--- DATA RECORDS ---

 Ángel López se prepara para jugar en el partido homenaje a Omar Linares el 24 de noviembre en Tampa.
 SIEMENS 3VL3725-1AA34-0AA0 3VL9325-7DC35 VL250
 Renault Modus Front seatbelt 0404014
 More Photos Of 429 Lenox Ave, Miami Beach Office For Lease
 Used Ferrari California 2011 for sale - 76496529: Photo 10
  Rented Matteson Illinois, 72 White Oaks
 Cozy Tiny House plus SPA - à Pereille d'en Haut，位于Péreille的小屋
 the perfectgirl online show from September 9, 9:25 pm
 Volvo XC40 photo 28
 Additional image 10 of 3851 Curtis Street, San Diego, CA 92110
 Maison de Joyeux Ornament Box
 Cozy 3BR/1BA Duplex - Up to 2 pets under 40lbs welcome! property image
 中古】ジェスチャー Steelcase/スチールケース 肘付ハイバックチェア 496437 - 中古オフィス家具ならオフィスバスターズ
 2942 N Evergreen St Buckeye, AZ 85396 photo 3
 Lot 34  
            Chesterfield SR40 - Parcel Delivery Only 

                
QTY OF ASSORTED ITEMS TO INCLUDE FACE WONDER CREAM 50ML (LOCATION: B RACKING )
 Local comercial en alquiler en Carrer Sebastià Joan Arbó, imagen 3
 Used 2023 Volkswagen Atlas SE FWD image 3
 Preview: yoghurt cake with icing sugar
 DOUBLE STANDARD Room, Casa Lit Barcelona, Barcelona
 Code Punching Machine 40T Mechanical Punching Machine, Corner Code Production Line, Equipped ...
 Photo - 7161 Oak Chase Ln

---

WHAT IS REQUIRED: All lines from the one that contains "Chesterfield SR40 - Parcel" to the end of the records above are to be copied exactly; leave out the rest.

SOLUTION:
            Chesterfield SR40 - Parcel Delivery Only 

                
QTY OF ASSORTED ITEMS TO INCLUDE FACE WONDER CREAM 50ML (LOCATION: B RACKING )
 Local comercial en alquiler en Carrer Sebastià Joan Arbó, imagen 3
 Used 2023 Volkswagen Atlas SE FWD image 3
 Preview: yoghurt cake with icing sugar
 DOUBLE STANDARD Room, Casa Lit Barcelona, Barcelona
 Code Punching Machine 40T Mechanical Punching Machine, Corner Code Production Line, Equipped ...
 Photo - 7161 Oak Chase Ln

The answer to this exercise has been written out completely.